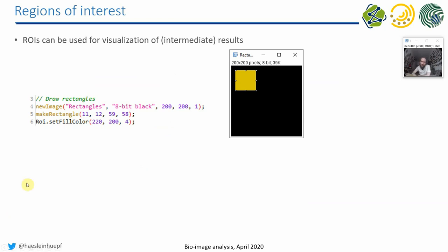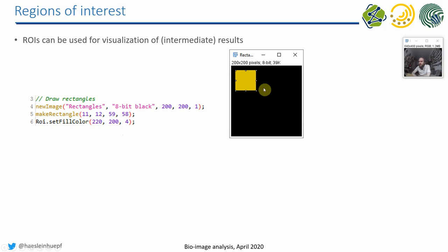So let's assume we just selected an ROI in the ROI manager. And we now want to make it a yellow rectangle. So we can call the ROI setFillColor method in order to make it look like this. And the three numbers here behind is the red, the green, and the blue channel. Red and green are yellow together, right?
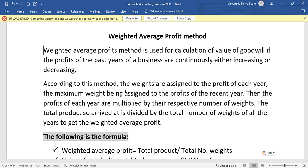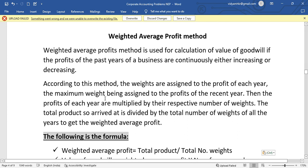Last video, we talked about the simple average profit method. In this video, we will talk about the weighted average profit method. This method is used for calculation of the value of goodwill. This method is used if the profit of the past years of a business is continuously either increasing or decreasing.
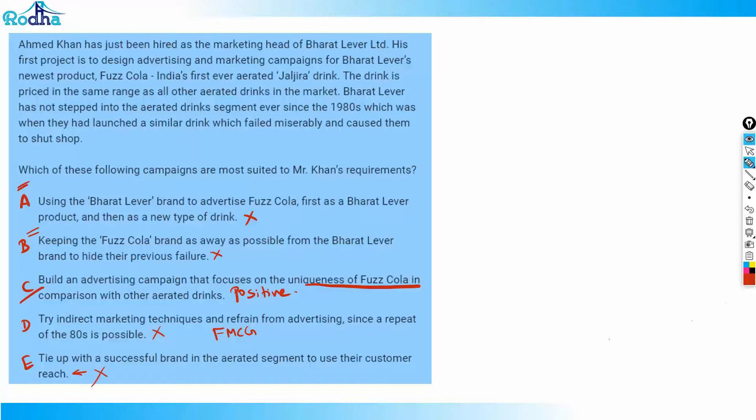So after eliminating options A, B, D, and E, option C is the best and most positive answer. If you liked this, continue the series in the next video. Thank you for watching.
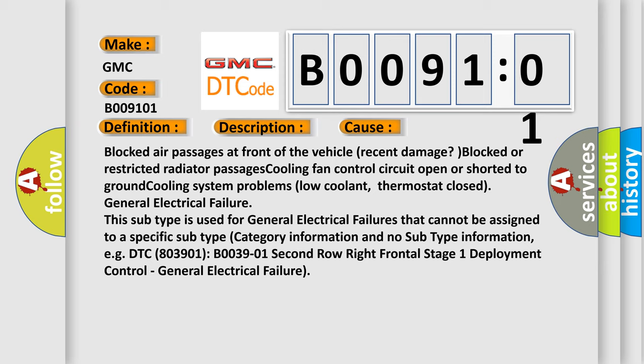This subtype is used for general electrical failures that cannot be assigned to a specific subtype. Category information and no subtype information, e.g. DTC B0039-01 second row right frontal stage 1 deployment control, general electrical failure.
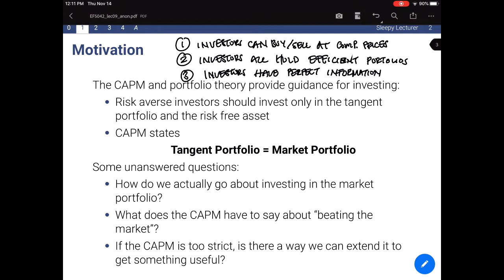The questions I want to pose now are: how do we actually go about investing in the market portfolio, and what does the CAPM have to say about beating the market? The CAPM gives you a model that tells you the expected rate of return for any asset — the required return. But what happens if you somehow get a better return? And lastly, if the CAPM is too strict, is there a way to extend it? That's what we extend to a model which maybe all of you have heard of, called the Fama-French four-factor model.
....
Skip the pictures and transcribe the rest of the records exactly.

So let's assume we just selected an ROI in the ROI manager. And we now want to make it a yellow rectangle. So we can call the ROI setFillColor method in order to make it look like this. And the three numbers here behind is the red, the green, and the blue channel. Red and green are yellow together, right?
Last video, we talked about the simple average profit method. In this video, we will talk about the weighted average profit method. This method is used for calculation of the value of goodwill. This method is used if the profit of the past years of a business is continuously either increasing or decreasing.
So after eliminating options A, B, D, and E, option C is the best and most positive answer. If you liked this, continue the series in the next video. Thank you for watching.
This subtype is used for general electrical failures that cannot be assigned to a specific subtype. Category information and no subtype information, e.g. DTC B0039-01 second row right frontal stage 1 deployment control, general electrical failure.
The questions I want to pose now are: how do we actually go about investing in the market portfolio, and what does the CAPM have to say about beating the market? The CAPM gives you a model that tells you the expected rate of return for any asset — the required return. But what happens if you somehow get a better return? And lastly, if the CAPM is too strict, is there a way to extend it? That's what we extend to a model which maybe all of you have heard of, called the Fama-French four-factor model.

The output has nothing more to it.